Print, exactly and without pictures, the lines from the one where "Clipboard with Flap, Aluminium, A4, Portrait" appears down to the end of the entries.
═══ Material provided ═══
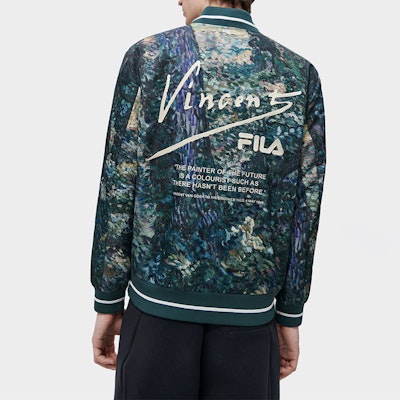 FILA x Van Gogh Museum 2.0 Peacock Green Logo Print Casual Jacket. F11M318703FZA Purchase FILA x Van Gogh Museum 2.0 Peacock Green Logo Print Casual Jacket. F11M318703FZA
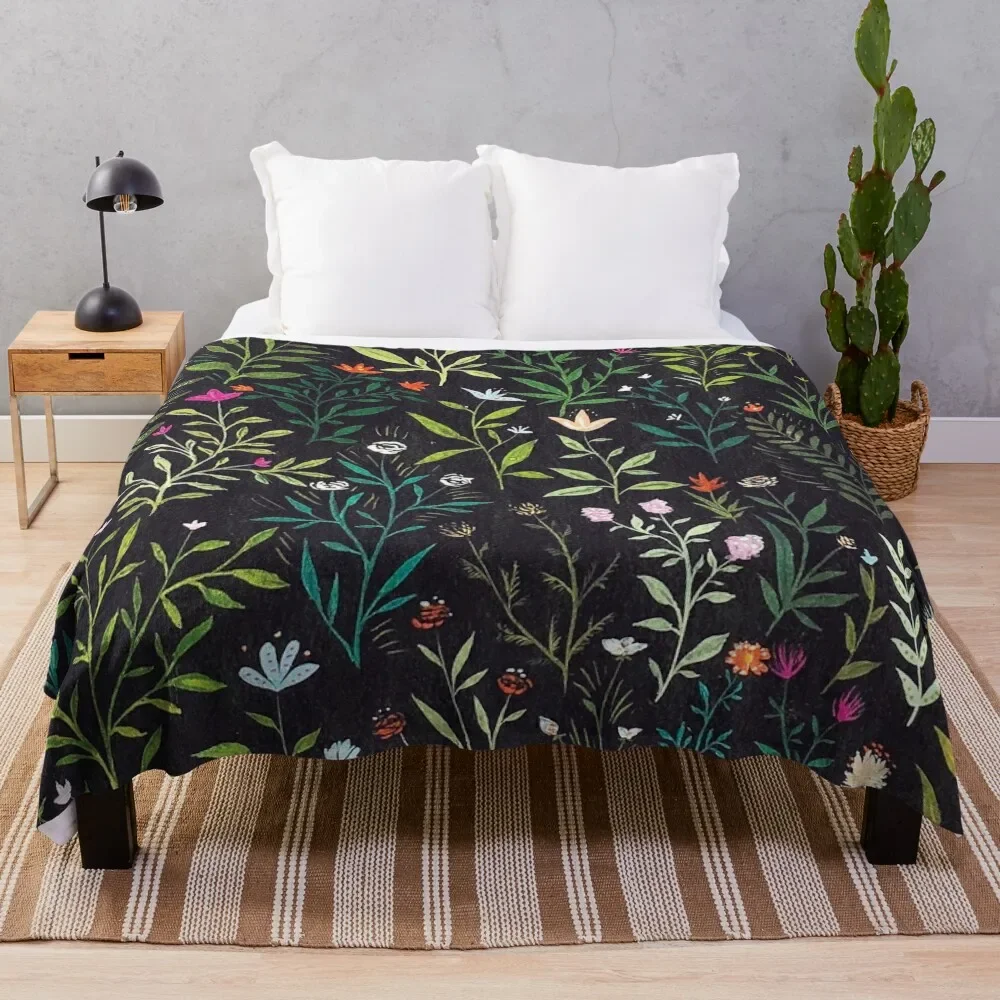 

Midnight Garden Throw Blanket Flannel Fabric Bed covers Blankets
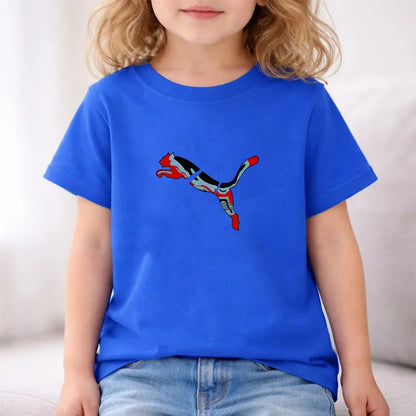 Summer white children's short sleeve 3-12 Years Kids cougar print T-shirt clothes boy girls pink shirt tees ventilate cool tops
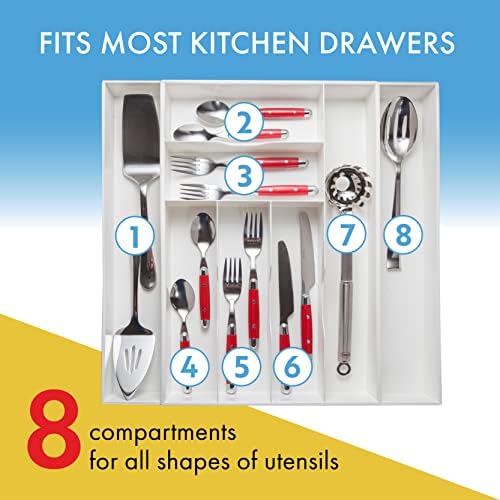 Dial Industries Expandable Silverware Utensil Drawer Organizer, Extra Wide | Keeps forks, spoons and flatware neatly separated, Adjusts to fit narrow or wide drawers, Great for everyday cutlery storage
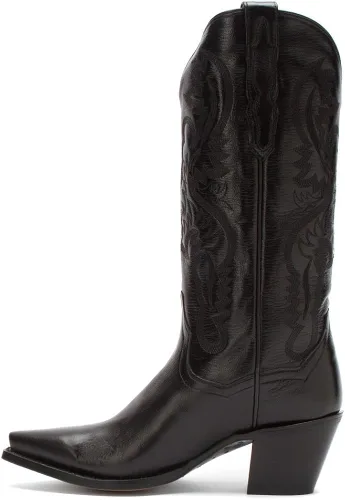 Dan Post Botas Renegade de vestir para hombre, con punta de corte desgastada, a media pantorrilla, color marrón, Negro -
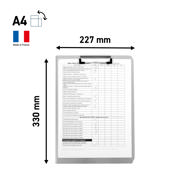 Clipboard with Flap, Aluminium, A4, Portrait
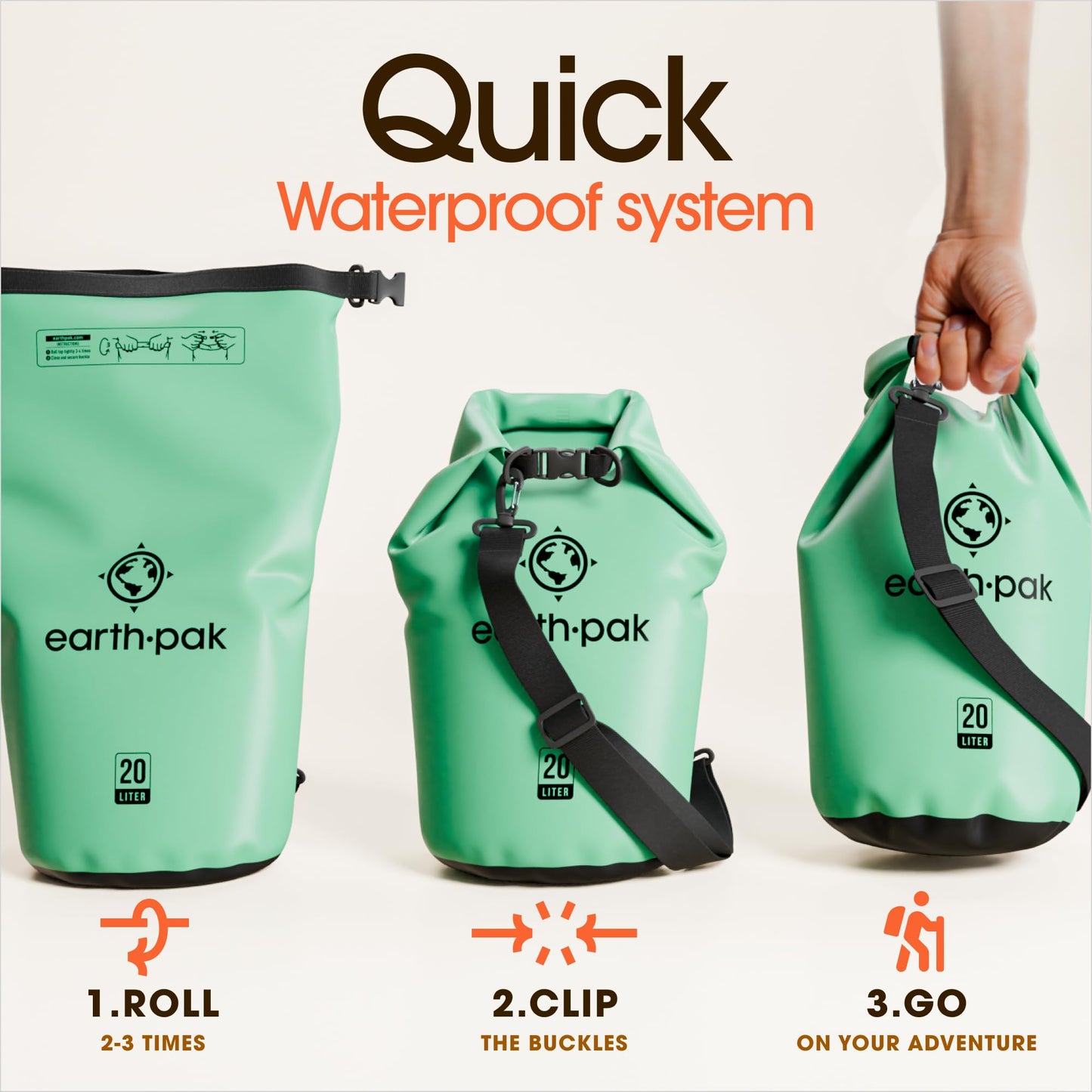 Earth Pak Waterproof Dry Bag - Roll Top Waterproof Backpack Sack Keeps Gear Dry for Kayaking, Beach, Rafting, Boating, Hiking, Camping and Fishing with Waterproof Phone Case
═══
# Solved problem
 Clipboard with Flap, Aluminium, A4, Portrait
 Earth Pak Waterproof Dry Bag - Roll Top Waterproof Backpack Sack Keeps Gear Dry for Kayaking, Beach, Rafting, Boating, Hiking, Camping and Fishing with Waterproof Phone Case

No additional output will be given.